Surgical extrusion is a faster version of the same idea, where the tooth is carefully loosened and repositioned higher in the socket in a single visit. Both extrusion methods avoid the main drawback of traditional crown lengthening, which is losing bone support. However, they aren’t suitable for every situation, particularly when decay or fracture patterns are complex.

Another approach called deep margin elevation raises a deep restoration margin to a more accessible level using bonded filling material before placing a crown. One systematic review found a 95.9% survival rate over ten or more years for teeth treated this way. It’s a less invasive option when the margin is only slightly below the gumline and the biologic width isn’t at risk.

What the Procedure Involves

The specifics of crown lengthening depend on how much tissue needs to be removed. In the simplest cases, only gum tissue is trimmed away (a gingivectomy), which is a relatively minor procedure with quick healing. When the bone is too close to where the crown margin needs to sit, the surgeon also reshapes a small amount of bone. This is the more common scenario for functional crown lengthening and involves a slightly longer recovery.

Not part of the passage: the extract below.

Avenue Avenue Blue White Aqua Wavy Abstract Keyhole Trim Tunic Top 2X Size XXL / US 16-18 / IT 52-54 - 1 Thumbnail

Healing typically takes several weeks before the final crown can be placed. Most dentists wait two to six months after crown lengthening before completing the restoration, allowing the gum tissue to fully settle into its new position. During this time, you’ll usually have a temporary crown or filling protecting the tooth.

Long-Term Outlook

Crown lengthening has a strong track record. The available evidence supports that teeth treated with crown lengthening and then properly restored can last for many years, and the long-term retention of these teeth compares favorably to replacing them with implants when you factor in maintenance costs. The key to a good outcome is having enough remaining tooth and bone to work with, and allowing adequate healing time before placing the final restoration.

If your dentist has recommended crown lengthening, the most useful question to ask is what specific problem it’s solving. If the answer involves accessing hidden decay, creating enough tooth structure for a secure crown, or protecting the biologic width, the procedure is addressing a real structural need. If the recommendation is cosmetic, the decision comes down to personal preference and whether the aesthetic improvement is worth the healing time and cost.